Items from a dataset:
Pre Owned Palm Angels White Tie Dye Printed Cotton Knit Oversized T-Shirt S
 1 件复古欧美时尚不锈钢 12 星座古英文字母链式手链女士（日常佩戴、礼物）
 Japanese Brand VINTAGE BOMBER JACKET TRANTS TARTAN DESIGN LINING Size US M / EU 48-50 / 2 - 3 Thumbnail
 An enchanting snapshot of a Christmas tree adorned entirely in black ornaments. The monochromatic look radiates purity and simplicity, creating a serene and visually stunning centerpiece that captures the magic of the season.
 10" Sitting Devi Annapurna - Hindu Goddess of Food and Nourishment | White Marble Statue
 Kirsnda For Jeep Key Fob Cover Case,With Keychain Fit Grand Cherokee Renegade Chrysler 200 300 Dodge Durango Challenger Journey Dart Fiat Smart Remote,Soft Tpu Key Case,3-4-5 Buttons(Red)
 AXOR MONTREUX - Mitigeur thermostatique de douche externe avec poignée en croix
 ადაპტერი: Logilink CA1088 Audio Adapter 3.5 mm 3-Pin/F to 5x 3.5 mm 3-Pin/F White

▶ _THE PROBLEM_
Reproduce exactly the line bearing "1 件复古欧美时尚不锈钢 12 星座古英文字母链式手链女士（日常佩戴、礼物）" and all the lines that come after it in the records above; add nothing.

▶ _PROBLEM SOLUTION_
 1 件复古欧美时尚不锈钢 12 星座古英文字母链式手链女士（日常佩戴、礼物）
 Japanese Brand VINTAGE BOMBER JACKET TRANTS TARTAN DESIGN LINING Size US M / EU 48-50 / 2 - 3 Thumbnail
 An enchanting snapshot of a Christmas tree adorned entirely in black ornaments. The monochromatic look radiates purity and simplicity, creating a serene and visually stunning centerpiece that captures the magic of the season.
 10" Sitting Devi Annapurna - Hindu Goddess of Food and Nourishment | White Marble Statue
 Kirsnda For Jeep Key Fob Cover Case,With Keychain Fit Grand Cherokee Renegade Chrysler 200 300 Dodge Durango Challenger Journey Dart Fiat Smart Remote,Soft Tpu Key Case,3-4-5 Buttons(Red)
 AXOR MONTREUX - Mitigeur thermostatique de douche externe avec poignée en croix
 ადაპტერი: Logilink CA1088 Audio Adapter 3.5 mm 3-Pin/F to 5x 3.5 mm 3-Pin/F White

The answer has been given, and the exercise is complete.